Final part of drug awareness series presented by Live R.E.A.L.


The Winnebago County Health Department offers free opioid overdose naloxone kits, which can save lives.

This fall, Hononegah Community High School and Kinnikinnick School District 131 hosted a three-part series about the dangers of drugs, how to recognize the signs of drug use and addiction, and how to locate resources in your community.

Roscoe resident Bev Pomering and her family went through the nightmare of drug addiction and the death of their son and brother three years ago. Alex, the oldest of her two sons, overdosed on heroin, laced with fentanyl. He was 20 years old.

Pomering started Live R.E.A.L. Foundation, which sponsored the series, in an effort to provide education, awareness and support to others who are struggling.

The goal of the Live R.E.A.L. Foundation is to see a significant decrease in deaths due to mental illness and/or abuse.

The first of the series, “Get Real About Drugs,” was held September 21, and dealt with the drug epidemic and availability of opioids. Pomering told the painful story of her own depression and her son’s addiction.

Addiction prevention specialist Abbie Lee provided suggestions for dealing with drug addiction and urged family and friends to speak out.

The second of the series, “How Do I Know?” was held Oct. 19. This program was described as a parent’s guide to detecting vaping, alcohol and drug abuse.
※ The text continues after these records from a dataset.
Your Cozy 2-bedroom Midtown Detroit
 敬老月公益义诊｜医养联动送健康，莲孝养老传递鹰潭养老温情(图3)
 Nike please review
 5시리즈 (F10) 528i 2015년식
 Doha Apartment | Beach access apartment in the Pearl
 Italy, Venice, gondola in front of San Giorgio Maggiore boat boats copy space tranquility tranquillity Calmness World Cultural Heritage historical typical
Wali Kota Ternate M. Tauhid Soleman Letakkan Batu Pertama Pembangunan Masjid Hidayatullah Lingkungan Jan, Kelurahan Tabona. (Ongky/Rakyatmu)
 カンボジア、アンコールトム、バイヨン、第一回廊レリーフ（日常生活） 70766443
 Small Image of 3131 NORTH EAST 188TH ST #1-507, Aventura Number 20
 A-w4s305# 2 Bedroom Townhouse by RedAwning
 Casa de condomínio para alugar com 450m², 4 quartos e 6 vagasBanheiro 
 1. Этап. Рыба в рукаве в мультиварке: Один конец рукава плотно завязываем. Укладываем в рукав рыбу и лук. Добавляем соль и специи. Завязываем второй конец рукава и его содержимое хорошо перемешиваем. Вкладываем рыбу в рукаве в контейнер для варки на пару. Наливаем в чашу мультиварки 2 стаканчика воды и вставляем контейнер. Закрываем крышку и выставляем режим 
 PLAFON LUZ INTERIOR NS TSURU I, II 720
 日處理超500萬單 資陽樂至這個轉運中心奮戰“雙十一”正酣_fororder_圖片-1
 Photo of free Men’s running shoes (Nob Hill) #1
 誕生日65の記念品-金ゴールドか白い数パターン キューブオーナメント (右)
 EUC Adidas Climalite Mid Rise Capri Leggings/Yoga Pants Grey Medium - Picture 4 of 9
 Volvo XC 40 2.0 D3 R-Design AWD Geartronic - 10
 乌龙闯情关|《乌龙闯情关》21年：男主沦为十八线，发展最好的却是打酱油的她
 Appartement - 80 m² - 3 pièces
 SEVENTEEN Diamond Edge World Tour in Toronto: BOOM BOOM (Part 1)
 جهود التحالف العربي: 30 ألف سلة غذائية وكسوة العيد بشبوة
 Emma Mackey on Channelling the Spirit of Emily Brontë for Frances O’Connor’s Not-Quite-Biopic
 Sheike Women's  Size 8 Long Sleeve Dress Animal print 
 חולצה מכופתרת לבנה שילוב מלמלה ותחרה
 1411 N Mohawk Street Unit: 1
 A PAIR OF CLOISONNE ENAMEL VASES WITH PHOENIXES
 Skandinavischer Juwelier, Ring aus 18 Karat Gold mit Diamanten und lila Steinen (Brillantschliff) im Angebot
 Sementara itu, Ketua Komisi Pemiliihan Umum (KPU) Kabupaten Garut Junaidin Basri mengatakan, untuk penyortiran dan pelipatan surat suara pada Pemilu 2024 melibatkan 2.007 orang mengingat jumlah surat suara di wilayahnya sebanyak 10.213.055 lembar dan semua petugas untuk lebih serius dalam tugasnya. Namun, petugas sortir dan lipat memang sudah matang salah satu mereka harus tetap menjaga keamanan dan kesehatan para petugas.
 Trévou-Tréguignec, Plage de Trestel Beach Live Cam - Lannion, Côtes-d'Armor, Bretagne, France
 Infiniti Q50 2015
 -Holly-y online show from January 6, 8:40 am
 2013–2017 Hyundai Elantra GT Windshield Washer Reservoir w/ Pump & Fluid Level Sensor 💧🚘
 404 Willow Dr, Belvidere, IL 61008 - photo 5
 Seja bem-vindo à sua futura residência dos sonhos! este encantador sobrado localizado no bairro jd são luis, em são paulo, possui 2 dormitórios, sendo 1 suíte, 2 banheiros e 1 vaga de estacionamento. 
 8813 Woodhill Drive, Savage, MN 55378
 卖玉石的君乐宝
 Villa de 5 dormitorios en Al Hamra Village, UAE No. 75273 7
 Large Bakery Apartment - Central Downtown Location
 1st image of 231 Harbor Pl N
Nick Gore, a recovering addict and Chicago detective Richard Wistocki spoke about the ease of getting drugs and the increase of drug addiction and cyber-crime, beginning in middle schools and high school.

Wistocki urged parents to keep a close eye on their children and warned about the effects of vaping and weed. “They are gateway drugs leading to more potent drugs.”

The third and final program in the series, on Nov. 17, offered ideas and solutions.

Amanda Lawrence from the Winnebago County Health Department said there are rescue recovery resources available. “Naloxone training is available to everyone, as well as overdose training videos and prevention programs.”

“Opioids are an epidemic. People have opioids in their home and don’t know it.” She said. “Fentanyl is a pain reliever. It was manufactured to help people with cancer pain.”

Amanda Lawrence from the Winnebago County Health Dept. talked about the prevalence of opioids, especially fentanyl, during her presentation at Hononegah, Nov. 17. The drug awareness event was the last of three presented in September, October, and November. Live R.E.A.L. sponsored the eye-opening programs.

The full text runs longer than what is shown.